The physiological role of Slc4a11 is not well understood. Most previous studies have focused on the link between SLC4A11 mutations and human corneal disorders (Vilas et al. 2012; Kim et al. 2015; Kumawat et al. 2016; Hand et al. 2017). Human SLC4A11 has been reported to mediate water movement uncoupled from solute flux, similar to AQP proteins, which might explain the human corneal diseases caused by SLC4A11 mutations (Vilas et al. 2013; Soumittra et al. 2014). In Slc4a11 knockout mice, sodium chloride crystals form in the cornea and polyuria is associated with an increased loss of NaCl and hypo‐osmolarity of the urine (Groger et al. 2010; Han et al. 2013). Gröger et al. (2010) and Han et al. 2013 found that Slc4a11 disruption caused decreased urine osmolarity and lower urine electrolyte concentrations in the knock‐out mice. Overall, these studies suggest that Slc4a11 may be involved in water movement and ion homeostasis. Of note, the Slc4a11 null mouse strain used in this study does not have the exact corneal pathology of CHED (Lopez et al. 2009). Nevertheless, these mice clearly lack Slc4a11 expression in salivary glands (Fig. 2; and qPCR did not detect Slc4a11 mRNA in the salivary glands of Slc4a11 null mice, data not shown). Consequently, the lack of CHED corneal pathology most likely has no bearing on the salivary gland findings in this paper. It is possible based on the results of this study that patients with CHED, Haroyan syndrome, and FECD due to SLC4A11 mutations could present with changes in submandibular function regarding fluid secretion and potentially sex differences could also be present. Such patients could be tested clinically for a submandibular gland phenotype.

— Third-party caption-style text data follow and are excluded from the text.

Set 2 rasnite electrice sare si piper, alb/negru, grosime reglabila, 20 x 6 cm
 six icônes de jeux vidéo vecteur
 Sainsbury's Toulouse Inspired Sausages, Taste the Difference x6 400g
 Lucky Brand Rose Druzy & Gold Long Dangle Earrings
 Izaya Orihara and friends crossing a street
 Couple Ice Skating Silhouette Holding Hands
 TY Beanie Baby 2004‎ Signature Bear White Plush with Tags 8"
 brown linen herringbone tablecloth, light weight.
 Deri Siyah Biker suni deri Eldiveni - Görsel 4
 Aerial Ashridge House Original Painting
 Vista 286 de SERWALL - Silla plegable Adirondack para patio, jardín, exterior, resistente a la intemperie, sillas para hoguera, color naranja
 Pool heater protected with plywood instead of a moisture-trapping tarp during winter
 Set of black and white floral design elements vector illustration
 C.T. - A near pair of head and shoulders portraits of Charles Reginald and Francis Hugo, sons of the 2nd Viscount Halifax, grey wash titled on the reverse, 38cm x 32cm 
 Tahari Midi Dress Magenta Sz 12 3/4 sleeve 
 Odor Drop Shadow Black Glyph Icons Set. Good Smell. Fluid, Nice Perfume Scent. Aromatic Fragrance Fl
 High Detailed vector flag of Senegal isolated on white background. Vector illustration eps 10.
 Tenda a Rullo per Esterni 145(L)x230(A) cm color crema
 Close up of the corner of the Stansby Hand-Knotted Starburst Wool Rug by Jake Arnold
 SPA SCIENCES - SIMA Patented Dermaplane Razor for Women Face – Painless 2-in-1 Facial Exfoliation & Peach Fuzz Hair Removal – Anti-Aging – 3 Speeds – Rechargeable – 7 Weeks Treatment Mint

Given the high expression of Slc4a11 in both acinar and duct cells of the mouse SMG, we predicted that Slc4a11 might also be involved in fluid and/or ion secretion in the mouse SMG. The current salivary gland secretion model states that the acinar cells secrete most of the fluid and that the ducts subsequently reabsorb NaCl in the SMG (Proctor 2016). However, the kinetics and magnitude of fluid secretion were essentially identical in wild‐type and Slc4a11 null mice suggesting that it is not involved in water movement. In contrast, increased saliva Na+ and Cl concentrations were observed in the SMG of Slc4a11 knockout mice, especially in the SMG of female Slc4a11 −/− mice. NaCl reabsorption and KHCO3 secretion occur in salivary gland ducts in a β‐adrenergic‐dependent fashion (Denniss et al. 1978). However, the reduced NaCl reabsorption in the SMG of Slc4a11 null mice occurred in the absence the β‐adrenergic receptor agonist isoproterenol (cholinergic receptor agonist CCh only), suggesting that the observed changes induced by Slc4a11 disruption were independent of β‐adrenergic receptor activation. Taken together, these data demonstrated that the NaCl reabsorption defect in the Slc4a11 null mice occurs in a β‐adrenergic‐independent manner.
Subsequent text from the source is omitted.